▶ [Given entries]
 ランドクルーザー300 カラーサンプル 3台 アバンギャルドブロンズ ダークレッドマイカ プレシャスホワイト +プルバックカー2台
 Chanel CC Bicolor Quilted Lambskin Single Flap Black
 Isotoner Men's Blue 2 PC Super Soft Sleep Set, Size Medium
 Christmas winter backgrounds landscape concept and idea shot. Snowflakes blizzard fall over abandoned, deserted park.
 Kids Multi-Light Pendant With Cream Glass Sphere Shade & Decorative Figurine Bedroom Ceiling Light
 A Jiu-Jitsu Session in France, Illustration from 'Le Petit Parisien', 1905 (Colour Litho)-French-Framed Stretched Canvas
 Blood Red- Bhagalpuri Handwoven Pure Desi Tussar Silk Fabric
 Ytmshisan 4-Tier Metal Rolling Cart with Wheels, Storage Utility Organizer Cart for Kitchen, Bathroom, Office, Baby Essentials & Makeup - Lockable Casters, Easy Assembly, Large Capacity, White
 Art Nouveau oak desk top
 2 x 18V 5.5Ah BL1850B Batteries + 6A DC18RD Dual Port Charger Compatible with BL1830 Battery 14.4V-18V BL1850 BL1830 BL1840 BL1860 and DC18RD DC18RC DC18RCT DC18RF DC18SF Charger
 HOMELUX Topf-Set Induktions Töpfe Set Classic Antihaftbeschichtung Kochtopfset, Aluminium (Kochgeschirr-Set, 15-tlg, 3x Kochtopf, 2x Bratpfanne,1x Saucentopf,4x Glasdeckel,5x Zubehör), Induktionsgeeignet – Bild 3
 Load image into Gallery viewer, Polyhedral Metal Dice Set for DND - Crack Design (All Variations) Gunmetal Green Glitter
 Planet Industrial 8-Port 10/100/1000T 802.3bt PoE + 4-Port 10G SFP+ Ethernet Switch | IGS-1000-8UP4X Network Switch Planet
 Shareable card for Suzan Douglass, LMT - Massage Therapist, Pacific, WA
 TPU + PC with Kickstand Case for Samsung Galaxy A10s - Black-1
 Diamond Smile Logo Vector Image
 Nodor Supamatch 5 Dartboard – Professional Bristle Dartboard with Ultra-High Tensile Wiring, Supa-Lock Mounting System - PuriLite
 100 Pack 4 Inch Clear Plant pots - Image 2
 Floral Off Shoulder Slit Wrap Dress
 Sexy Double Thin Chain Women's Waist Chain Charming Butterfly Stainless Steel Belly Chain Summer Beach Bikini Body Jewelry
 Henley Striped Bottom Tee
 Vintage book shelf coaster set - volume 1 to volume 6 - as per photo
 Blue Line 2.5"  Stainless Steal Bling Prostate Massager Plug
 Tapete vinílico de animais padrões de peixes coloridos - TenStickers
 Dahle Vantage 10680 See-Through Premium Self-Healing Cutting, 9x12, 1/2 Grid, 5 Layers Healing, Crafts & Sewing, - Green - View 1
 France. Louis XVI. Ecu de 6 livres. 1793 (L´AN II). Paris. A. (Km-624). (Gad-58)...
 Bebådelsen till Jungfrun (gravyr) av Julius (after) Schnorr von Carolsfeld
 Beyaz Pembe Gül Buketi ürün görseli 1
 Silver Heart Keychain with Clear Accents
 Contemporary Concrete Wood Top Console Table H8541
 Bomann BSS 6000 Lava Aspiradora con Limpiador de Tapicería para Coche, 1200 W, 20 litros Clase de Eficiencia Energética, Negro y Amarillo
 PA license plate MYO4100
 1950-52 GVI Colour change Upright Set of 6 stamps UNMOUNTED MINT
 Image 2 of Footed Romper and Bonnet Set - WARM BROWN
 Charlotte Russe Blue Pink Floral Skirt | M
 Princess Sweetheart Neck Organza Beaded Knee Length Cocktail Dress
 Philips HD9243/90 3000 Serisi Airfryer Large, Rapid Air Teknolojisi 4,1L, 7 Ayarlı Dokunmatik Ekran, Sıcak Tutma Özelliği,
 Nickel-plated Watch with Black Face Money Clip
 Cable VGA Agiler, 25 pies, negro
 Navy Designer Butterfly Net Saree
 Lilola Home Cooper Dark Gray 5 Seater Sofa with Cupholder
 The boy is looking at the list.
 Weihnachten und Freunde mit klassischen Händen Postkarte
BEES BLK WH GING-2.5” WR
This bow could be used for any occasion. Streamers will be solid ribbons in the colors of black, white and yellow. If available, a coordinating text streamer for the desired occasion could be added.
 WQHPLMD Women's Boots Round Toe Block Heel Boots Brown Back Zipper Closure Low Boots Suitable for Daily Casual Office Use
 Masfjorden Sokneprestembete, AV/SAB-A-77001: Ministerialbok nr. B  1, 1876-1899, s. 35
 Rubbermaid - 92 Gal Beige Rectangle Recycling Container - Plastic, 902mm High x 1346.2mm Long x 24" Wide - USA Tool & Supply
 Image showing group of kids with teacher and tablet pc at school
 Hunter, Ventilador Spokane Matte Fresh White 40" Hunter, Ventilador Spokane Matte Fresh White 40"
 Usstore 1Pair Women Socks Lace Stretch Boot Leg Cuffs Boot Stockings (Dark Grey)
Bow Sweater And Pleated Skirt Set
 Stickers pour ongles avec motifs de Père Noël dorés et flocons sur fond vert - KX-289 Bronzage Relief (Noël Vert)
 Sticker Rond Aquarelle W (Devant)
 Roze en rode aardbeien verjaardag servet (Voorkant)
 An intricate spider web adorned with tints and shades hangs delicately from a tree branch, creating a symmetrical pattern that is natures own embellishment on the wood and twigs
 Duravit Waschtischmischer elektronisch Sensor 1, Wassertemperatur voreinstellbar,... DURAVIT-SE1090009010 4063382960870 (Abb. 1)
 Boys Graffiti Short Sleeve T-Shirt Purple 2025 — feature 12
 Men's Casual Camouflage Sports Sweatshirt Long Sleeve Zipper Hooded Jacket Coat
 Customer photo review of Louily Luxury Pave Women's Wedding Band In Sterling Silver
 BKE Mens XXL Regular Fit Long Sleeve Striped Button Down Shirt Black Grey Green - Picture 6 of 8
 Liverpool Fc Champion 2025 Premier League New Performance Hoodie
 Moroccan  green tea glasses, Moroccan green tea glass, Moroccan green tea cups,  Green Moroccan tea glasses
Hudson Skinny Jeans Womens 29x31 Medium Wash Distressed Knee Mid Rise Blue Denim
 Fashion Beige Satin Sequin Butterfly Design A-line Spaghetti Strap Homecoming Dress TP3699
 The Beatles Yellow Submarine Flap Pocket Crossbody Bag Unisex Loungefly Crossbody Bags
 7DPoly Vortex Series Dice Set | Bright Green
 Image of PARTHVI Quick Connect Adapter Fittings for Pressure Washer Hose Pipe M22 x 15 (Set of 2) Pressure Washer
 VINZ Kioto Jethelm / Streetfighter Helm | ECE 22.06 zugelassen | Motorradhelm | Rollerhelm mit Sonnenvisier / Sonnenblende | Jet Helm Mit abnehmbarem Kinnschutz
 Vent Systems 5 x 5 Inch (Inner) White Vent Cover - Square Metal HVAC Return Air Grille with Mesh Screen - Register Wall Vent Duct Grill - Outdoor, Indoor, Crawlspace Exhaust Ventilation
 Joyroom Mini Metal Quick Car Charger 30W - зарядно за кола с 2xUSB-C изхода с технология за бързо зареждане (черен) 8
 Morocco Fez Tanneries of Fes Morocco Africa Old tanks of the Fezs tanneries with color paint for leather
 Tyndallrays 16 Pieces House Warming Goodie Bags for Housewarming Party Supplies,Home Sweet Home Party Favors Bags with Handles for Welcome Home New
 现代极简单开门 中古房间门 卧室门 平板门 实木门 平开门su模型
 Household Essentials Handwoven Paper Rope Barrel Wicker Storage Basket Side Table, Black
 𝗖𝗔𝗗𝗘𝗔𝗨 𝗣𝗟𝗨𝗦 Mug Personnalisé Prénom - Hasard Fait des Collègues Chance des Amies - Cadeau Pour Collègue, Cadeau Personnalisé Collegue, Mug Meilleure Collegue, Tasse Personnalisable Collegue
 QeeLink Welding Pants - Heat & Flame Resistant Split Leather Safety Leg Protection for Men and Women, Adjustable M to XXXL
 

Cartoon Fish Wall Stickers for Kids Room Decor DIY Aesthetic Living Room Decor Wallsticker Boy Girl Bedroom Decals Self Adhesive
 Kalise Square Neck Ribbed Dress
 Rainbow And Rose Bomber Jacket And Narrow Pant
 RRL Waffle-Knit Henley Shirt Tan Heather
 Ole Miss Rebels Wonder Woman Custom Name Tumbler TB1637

▶ [Task details]
Whenever the word "Essentials" appears in a line of the listing, copy out that line.

▶ [Answer]
 Ytmshisan 4-Tier Metal Rolling Cart with Wheels, Storage Utility Organizer Cart for Kitchen, Bathroom, Office, Baby Essentials & Makeup - Lockable Casters, Easy Assembly, Large Capacity, White
 Household Essentials Handwoven Paper Rope Barrel Wicker Storage Basket Side Table, Black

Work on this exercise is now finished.